→ **EXERCISE DATA**:

_ _ _ _ _ _ _

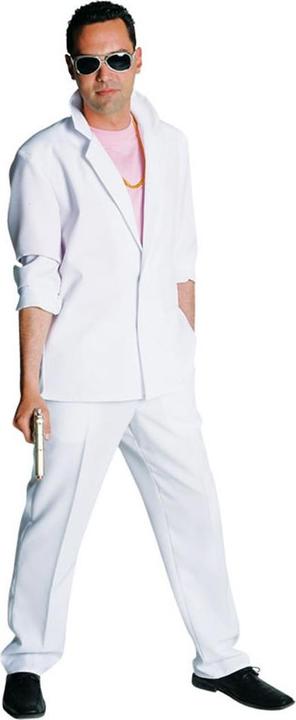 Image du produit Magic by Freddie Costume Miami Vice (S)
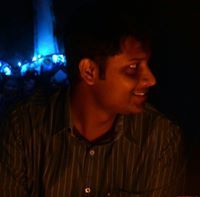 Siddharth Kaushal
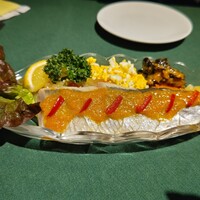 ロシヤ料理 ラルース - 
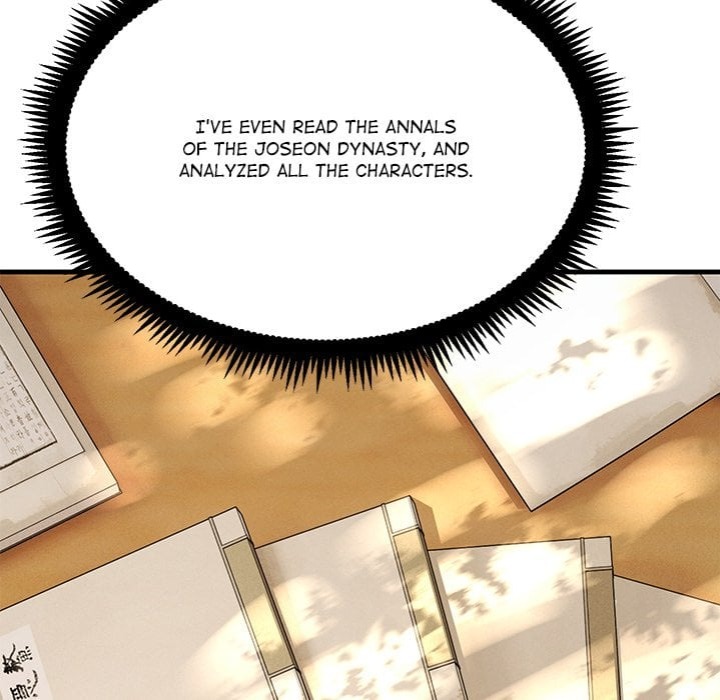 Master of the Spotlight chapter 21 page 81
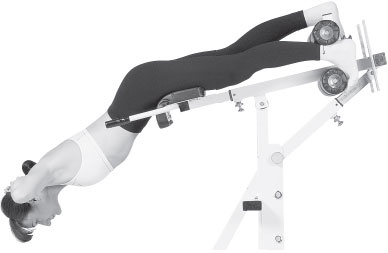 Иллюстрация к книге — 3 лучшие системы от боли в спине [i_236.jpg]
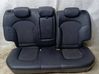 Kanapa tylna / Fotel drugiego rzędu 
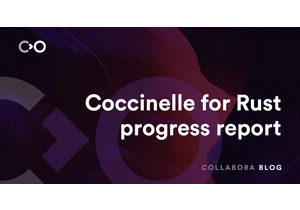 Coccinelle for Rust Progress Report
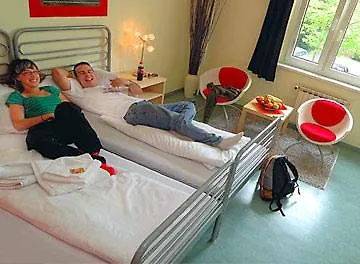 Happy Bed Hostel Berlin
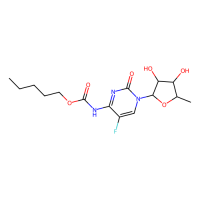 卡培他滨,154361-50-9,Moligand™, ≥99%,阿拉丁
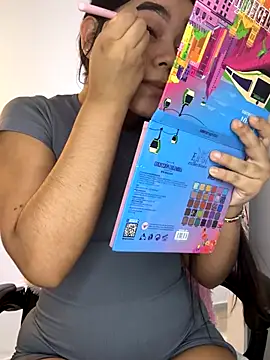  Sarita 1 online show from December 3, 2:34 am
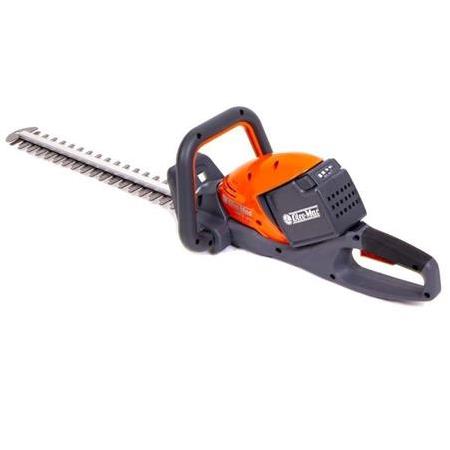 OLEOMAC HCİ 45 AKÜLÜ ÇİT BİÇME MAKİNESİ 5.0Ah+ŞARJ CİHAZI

_ _ _ _ _ _ _

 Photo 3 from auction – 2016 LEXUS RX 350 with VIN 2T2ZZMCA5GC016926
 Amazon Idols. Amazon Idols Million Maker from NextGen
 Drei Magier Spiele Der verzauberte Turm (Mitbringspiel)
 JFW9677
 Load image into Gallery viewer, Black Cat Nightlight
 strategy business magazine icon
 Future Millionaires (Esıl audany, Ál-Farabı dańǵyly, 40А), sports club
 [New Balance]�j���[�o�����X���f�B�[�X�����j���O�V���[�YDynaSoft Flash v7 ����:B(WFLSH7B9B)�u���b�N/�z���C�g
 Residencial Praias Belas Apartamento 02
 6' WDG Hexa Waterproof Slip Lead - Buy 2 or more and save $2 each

_ _ _ _ _ _ _

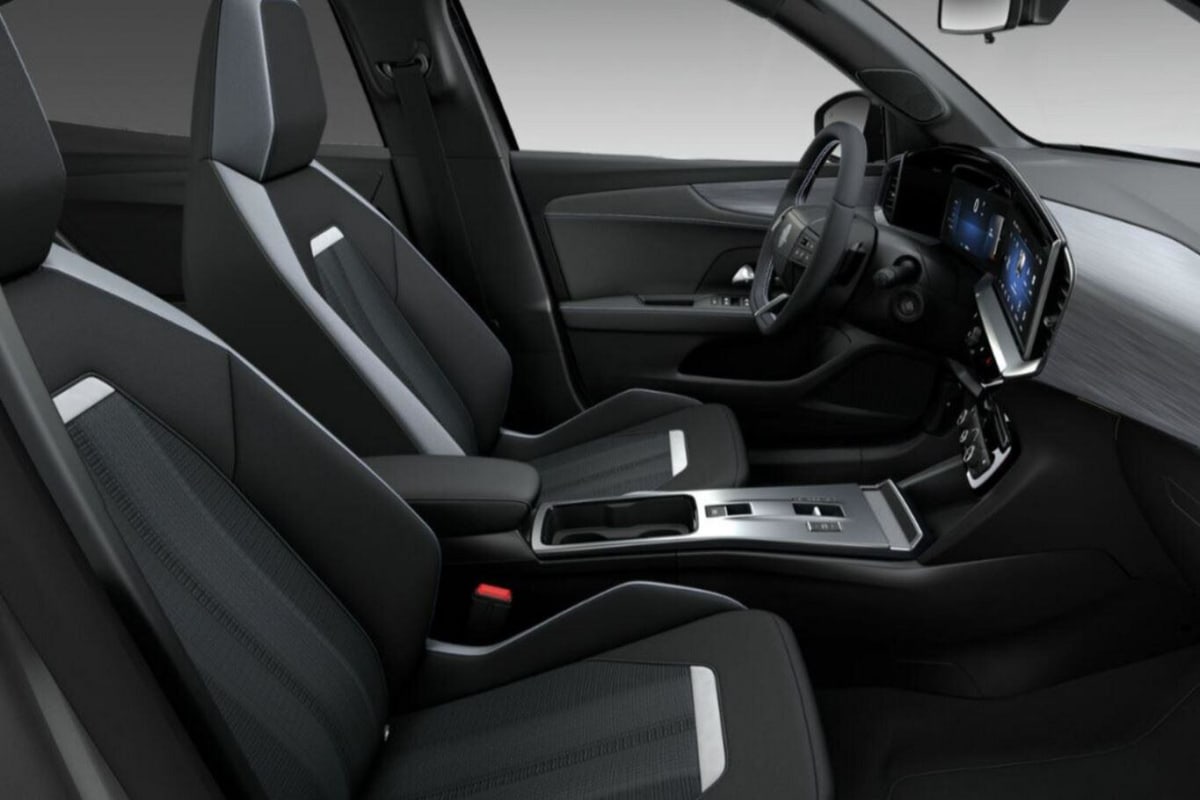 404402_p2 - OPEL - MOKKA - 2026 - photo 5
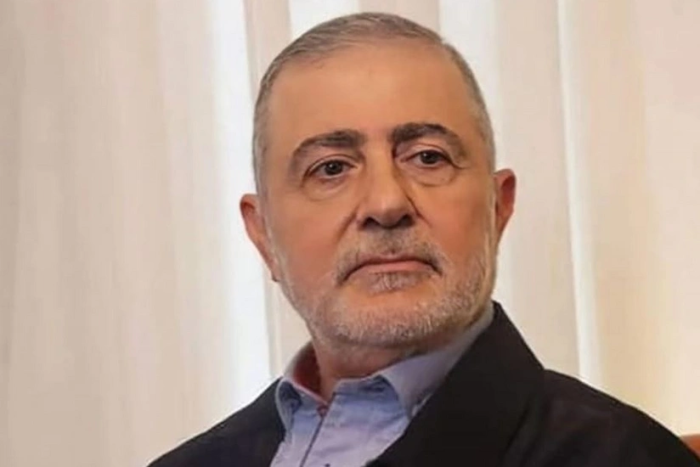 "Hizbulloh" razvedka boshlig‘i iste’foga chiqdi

_ _ _ _ _ _ _

→ **THE PROBLEM**: When you reach the line containing "Photo 3 from" in the data above, start copying exactly, and stop after the line containing "6' WDG Hexa".

→ **COMPLETED TASK**:
 Photo 3 from auction – 2016 LEXUS RX 350 with VIN 2T2ZZMCA5GC016926
 Amazon Idols. Amazon Idols Million Maker from NextGen
 Drei Magier Spiele Der verzauberte Turm (Mitbringspiel)
 JFW9677
 Load image into Gallery viewer, Black Cat Nightlight
 strategy business magazine icon
 Future Millionaires (Esıl audany, Ál-Farabı dańǵyly, 40А), sports club
 [New Balance]�j���[�o�����X���f�B�[�X�����j���O�V���[�YDynaSoft Flash v7 ����:B(WFLSH7B9B)�u���b�N/�z���C�g
 Residencial Praias Belas Apartamento 02
 6' WDG Hexa Waterproof Slip Lead - Buy 2 or more and save $2 each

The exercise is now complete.